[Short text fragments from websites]

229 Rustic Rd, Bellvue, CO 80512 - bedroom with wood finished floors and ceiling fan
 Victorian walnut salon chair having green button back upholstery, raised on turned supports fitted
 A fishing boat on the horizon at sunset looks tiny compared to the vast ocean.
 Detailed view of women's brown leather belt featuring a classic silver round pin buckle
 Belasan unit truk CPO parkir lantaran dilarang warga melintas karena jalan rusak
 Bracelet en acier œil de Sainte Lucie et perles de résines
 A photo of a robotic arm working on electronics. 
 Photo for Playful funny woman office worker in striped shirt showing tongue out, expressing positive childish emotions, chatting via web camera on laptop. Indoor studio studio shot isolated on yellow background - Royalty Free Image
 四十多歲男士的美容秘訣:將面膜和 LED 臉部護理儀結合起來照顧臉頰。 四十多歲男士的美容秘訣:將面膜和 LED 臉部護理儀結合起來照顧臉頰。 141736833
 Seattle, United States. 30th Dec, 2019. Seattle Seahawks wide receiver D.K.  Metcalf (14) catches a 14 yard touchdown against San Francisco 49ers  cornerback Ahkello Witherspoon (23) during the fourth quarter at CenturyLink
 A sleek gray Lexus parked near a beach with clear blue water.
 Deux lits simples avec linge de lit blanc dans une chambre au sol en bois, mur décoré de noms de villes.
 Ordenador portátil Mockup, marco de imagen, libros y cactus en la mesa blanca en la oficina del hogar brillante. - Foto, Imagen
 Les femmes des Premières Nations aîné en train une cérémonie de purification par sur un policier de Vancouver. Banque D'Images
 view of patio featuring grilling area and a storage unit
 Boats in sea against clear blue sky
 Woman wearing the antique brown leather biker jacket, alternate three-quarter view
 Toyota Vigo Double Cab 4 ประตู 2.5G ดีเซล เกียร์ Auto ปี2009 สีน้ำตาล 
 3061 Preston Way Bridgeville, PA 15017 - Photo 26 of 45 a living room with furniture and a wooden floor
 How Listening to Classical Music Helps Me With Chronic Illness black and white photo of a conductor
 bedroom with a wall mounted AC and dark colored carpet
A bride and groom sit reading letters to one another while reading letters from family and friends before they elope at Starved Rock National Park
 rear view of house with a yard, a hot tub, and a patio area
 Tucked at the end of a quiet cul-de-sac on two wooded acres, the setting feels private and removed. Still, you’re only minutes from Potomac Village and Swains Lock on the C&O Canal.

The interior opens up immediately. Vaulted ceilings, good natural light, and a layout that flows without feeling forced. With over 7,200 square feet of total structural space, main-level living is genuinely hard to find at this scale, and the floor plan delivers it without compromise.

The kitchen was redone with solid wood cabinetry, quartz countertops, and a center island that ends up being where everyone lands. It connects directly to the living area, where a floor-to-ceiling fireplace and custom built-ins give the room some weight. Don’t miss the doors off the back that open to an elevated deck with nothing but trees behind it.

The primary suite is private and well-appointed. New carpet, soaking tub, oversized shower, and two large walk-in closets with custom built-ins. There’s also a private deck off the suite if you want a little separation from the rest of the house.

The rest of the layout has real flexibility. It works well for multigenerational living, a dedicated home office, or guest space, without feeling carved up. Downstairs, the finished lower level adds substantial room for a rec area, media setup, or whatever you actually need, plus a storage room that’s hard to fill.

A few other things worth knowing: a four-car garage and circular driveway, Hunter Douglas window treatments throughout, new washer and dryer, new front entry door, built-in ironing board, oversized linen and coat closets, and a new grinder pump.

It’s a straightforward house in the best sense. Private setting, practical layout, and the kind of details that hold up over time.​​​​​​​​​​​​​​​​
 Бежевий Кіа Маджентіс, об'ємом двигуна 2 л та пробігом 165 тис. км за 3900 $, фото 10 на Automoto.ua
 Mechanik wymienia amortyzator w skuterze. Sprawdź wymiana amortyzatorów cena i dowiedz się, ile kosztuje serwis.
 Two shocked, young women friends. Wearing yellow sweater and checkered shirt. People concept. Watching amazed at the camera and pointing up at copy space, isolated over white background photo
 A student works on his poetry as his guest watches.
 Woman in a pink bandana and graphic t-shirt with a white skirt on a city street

-- Requirement --
Restate exactly the records above from their first line through the line that holds "Boats in sea against clear blue sky", please, including both and leaving out all others.

-- Answer for the task --
229 Rustic Rd, Bellvue, CO 80512 - bedroom with wood finished floors and ceiling fan
 Victorian walnut salon chair having green button back upholstery, raised on turned supports fitted
 A fishing boat on the horizon at sunset looks tiny compared to the vast ocean.
 Detailed view of women's brown leather belt featuring a classic silver round pin buckle
 Belasan unit truk CPO parkir lantaran dilarang warga melintas karena jalan rusak
 Bracelet en acier œil de Sainte Lucie et perles de résines
 A photo of a robotic arm working on electronics. 
 Photo for Playful funny woman office worker in striped shirt showing tongue out, expressing positive childish emotions, chatting via web camera on laptop. Indoor studio studio shot isolated on yellow background - Royalty Free Image
 四十多歲男士的美容秘訣:將面膜和 LED 臉部護理儀結合起來照顧臉頰。 四十多歲男士的美容秘訣:將面膜和 LED 臉部護理儀結合起來照顧臉頰。 141736833
 Seattle, United States. 30th Dec, 2019. Seattle Seahawks wide receiver D.K.  Metcalf (14) catches a 14 yard touchdown against San Francisco 49ers  cornerback Ahkello Witherspoon (23) during the fourth quarter at CenturyLink
 A sleek gray Lexus parked near a beach with clear blue water.
 Deux lits simples avec linge de lit blanc dans une chambre au sol en bois, mur décoré de noms de villes.
 Ordenador portátil Mockup, marco de imagen, libros y cactus en la mesa blanca en la oficina del hogar brillante. - Foto, Imagen
 Les femmes des Premières Nations aîné en train une cérémonie de purification par sur un policier de Vancouver. Banque D'Images
 view of patio featuring grilling area and a storage unit
 Boats in sea against clear blue sky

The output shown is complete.